### Task prompt
If a line of the material contains "Hotel", copy it.

### The data
----------------------------------------
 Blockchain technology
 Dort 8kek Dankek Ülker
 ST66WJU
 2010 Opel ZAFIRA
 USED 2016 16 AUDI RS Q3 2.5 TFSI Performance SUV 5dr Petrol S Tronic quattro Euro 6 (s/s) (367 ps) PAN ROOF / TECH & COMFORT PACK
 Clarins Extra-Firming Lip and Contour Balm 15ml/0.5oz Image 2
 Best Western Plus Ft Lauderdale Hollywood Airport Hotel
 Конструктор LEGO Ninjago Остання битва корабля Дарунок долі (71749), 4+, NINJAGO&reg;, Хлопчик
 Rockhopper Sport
----------------------------------------
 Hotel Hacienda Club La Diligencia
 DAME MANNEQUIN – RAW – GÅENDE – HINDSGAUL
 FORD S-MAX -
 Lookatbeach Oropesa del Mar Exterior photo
----------------------------------------
### Task output
 Best Western Plus Ft Lauderdale Hollywood Airport Hotel
 Hotel Hacienda Club La Diligencia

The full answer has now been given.